INSTRUCTIONS TO FOLLOW
Retype the data below verbatim; pictures do not belong in the copy.
★ ★ ★ ★ ★ ★ ★
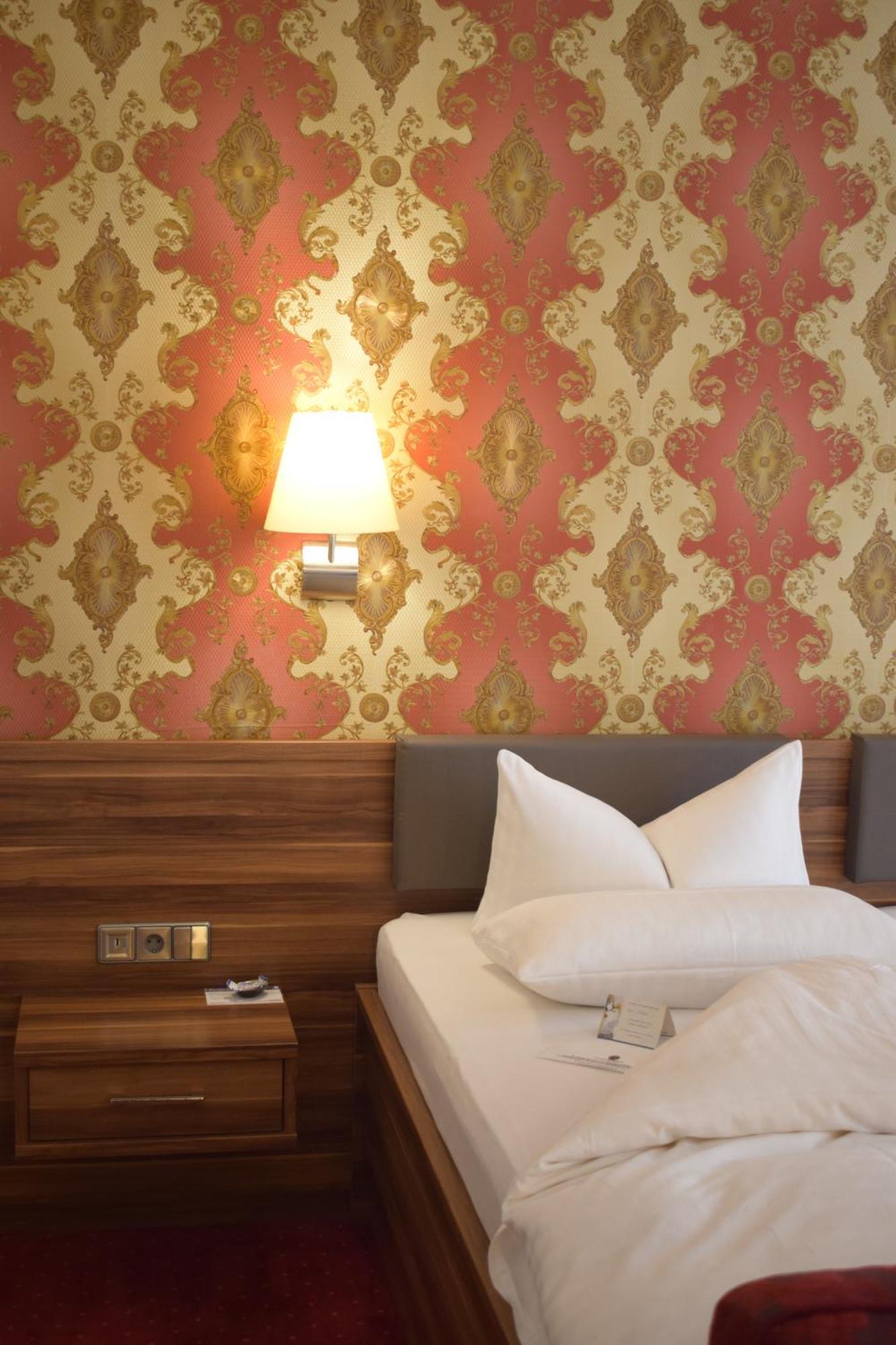 Akzent Hotel Goldner Hirsch Каменц Екстериор снимка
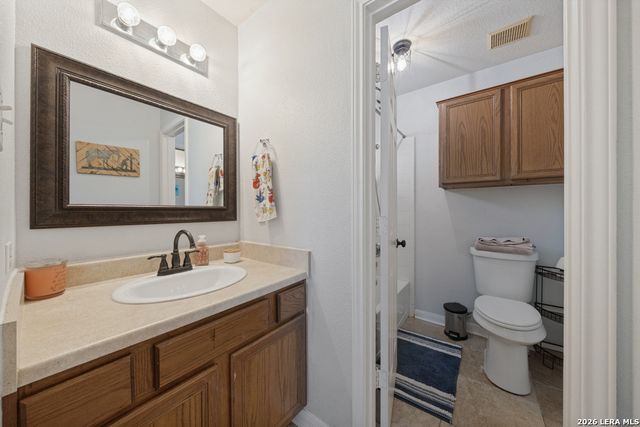 653 LAKE VALLEY DR, La Vernia, TX 78121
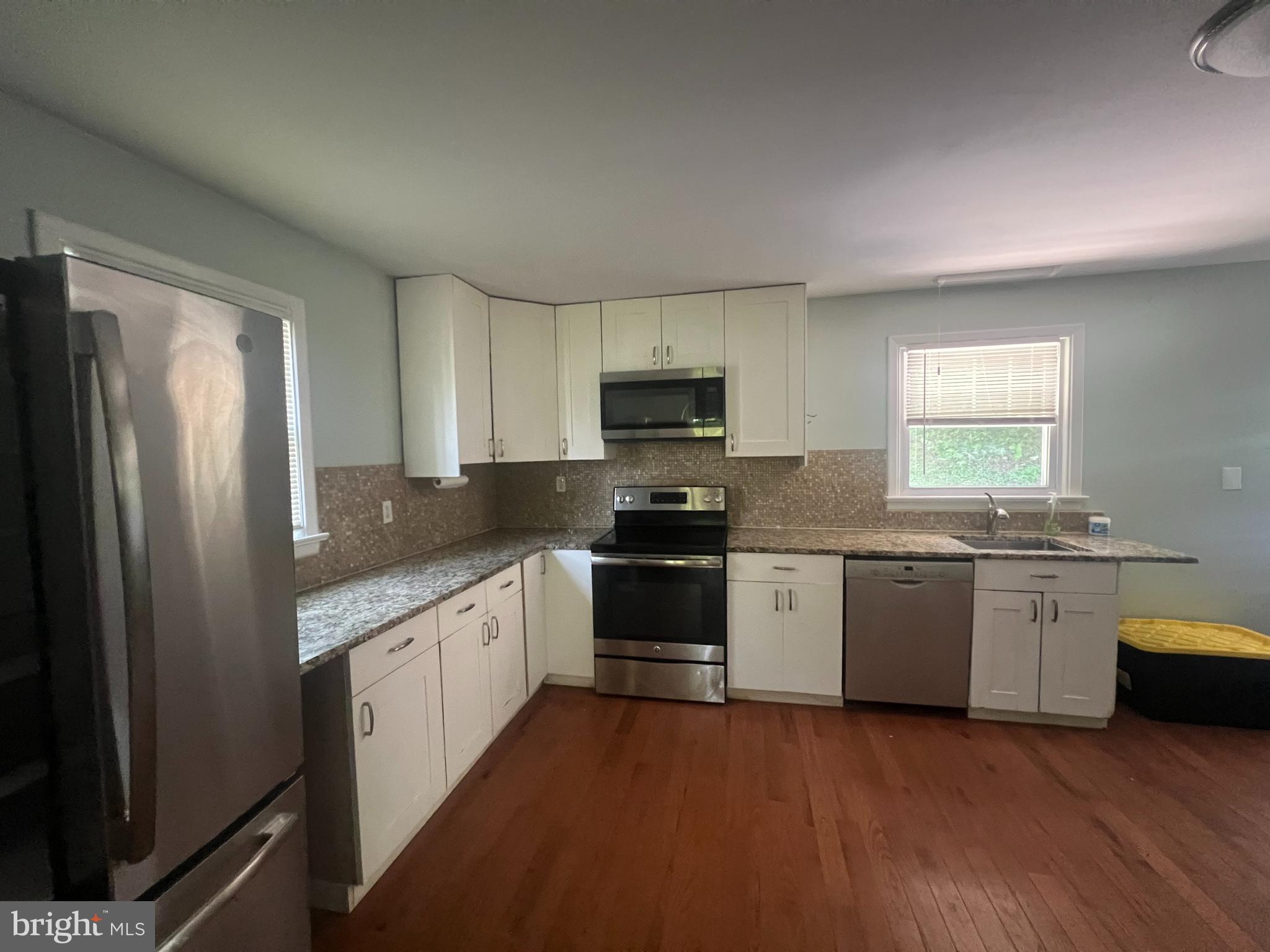 MERION HILL - Residential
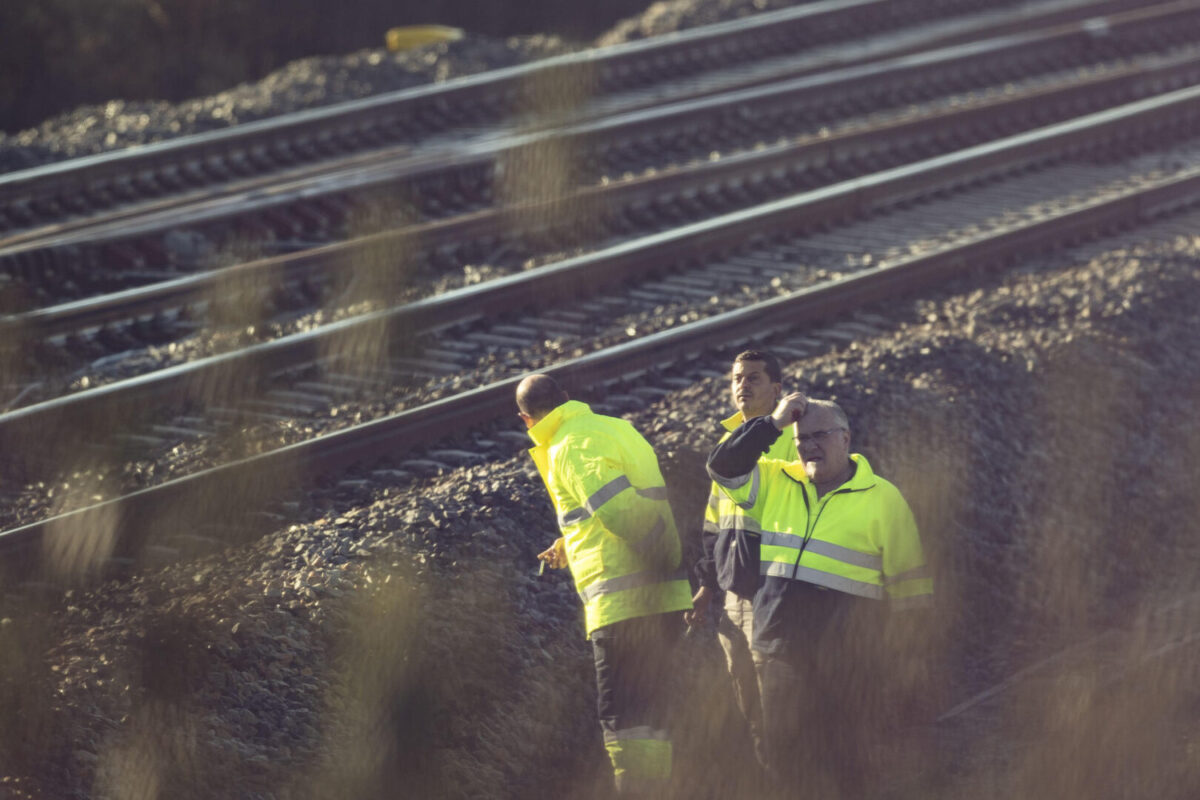 ADAMUZ (CÓRDOBA), 20/01/2026.- Varios operarios examinan las vías en la zona del accidente ferroviario ocurrido el pasado domingo en Adamuz (Córdoba), donde continúan los trabajos para acceder a dos de los vagones en los que viajaban un importante número de pasajeros y para identificar a las víctimas mortales que se elevan ya a 41 este martes, primer día de luto oficial por el siniestro. EFE/Jorge Zapata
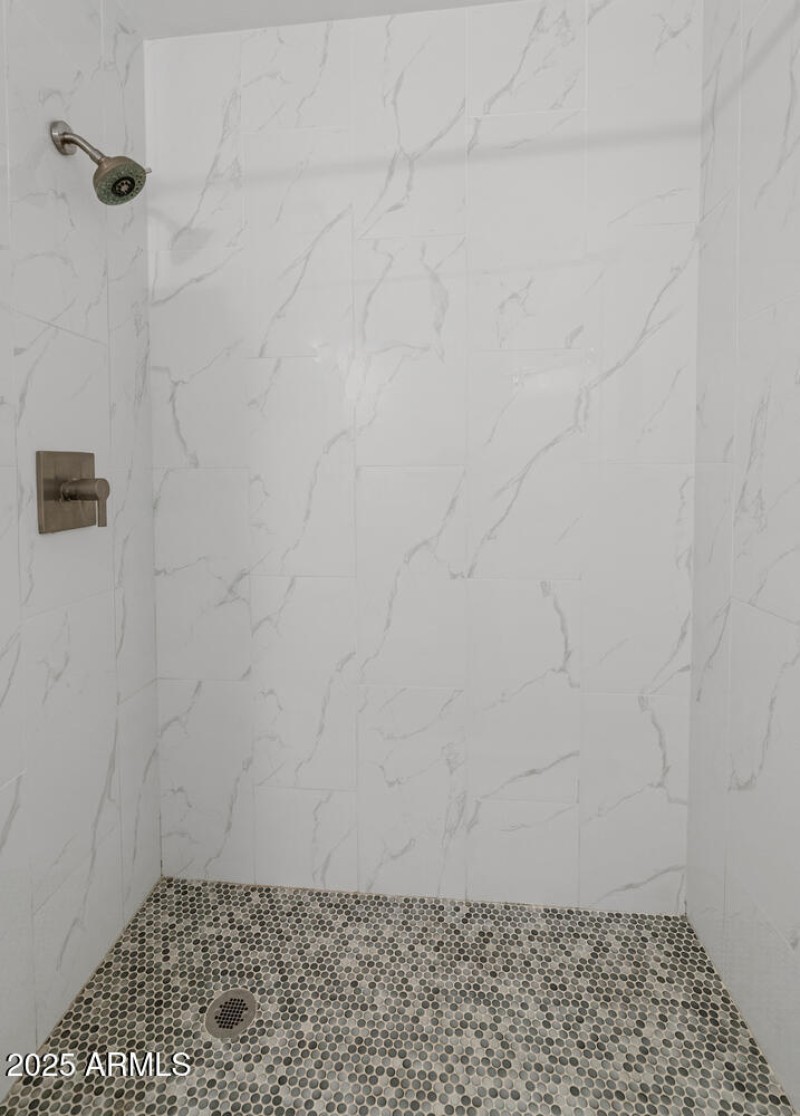 5137 N Granite Reef Rd-large-010-011-TOD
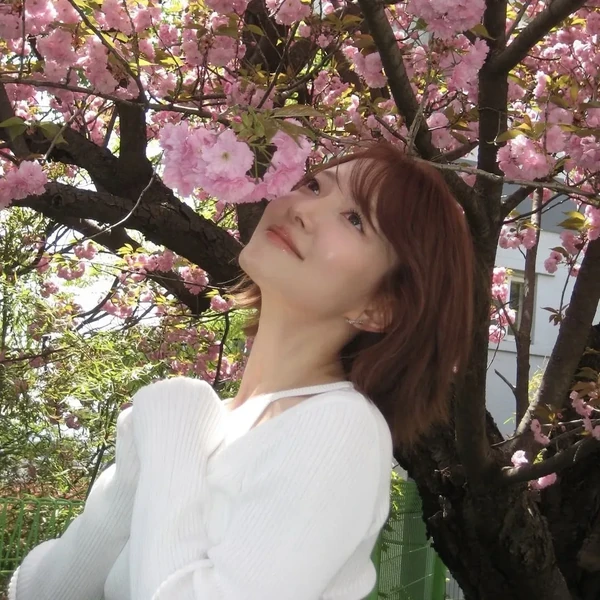 Popular photo full of fans’ love for Lee Seyoung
★ ★ ★ ★ ★ ★ ★
RESULT BELOW
 Akzent Hotel Goldner Hirsch Каменц Екстериор снимка
 653 LAKE VALLEY DR, La Vernia, TX 78121
 MERION HILL - Residential
 ADAMUZ (CÓRDOBA), 20/01/2026.- Varios operarios examinan las vías en la zona del accidente ferroviario ocurrido el pasado domingo en Adamuz (Córdoba), donde continúan los trabajos para acceder a dos de los vagones en los que viajaban un importante número de pasajeros y para identificar a las víctimas mortales que se elevan ya a 41 este martes, primer día de luto oficial por el siniestro. EFE/Jorge Zapata
 5137 N Granite Reef Rd-large-010-011-TOD
 Popular photo full of fans’ love for Lee Seyoung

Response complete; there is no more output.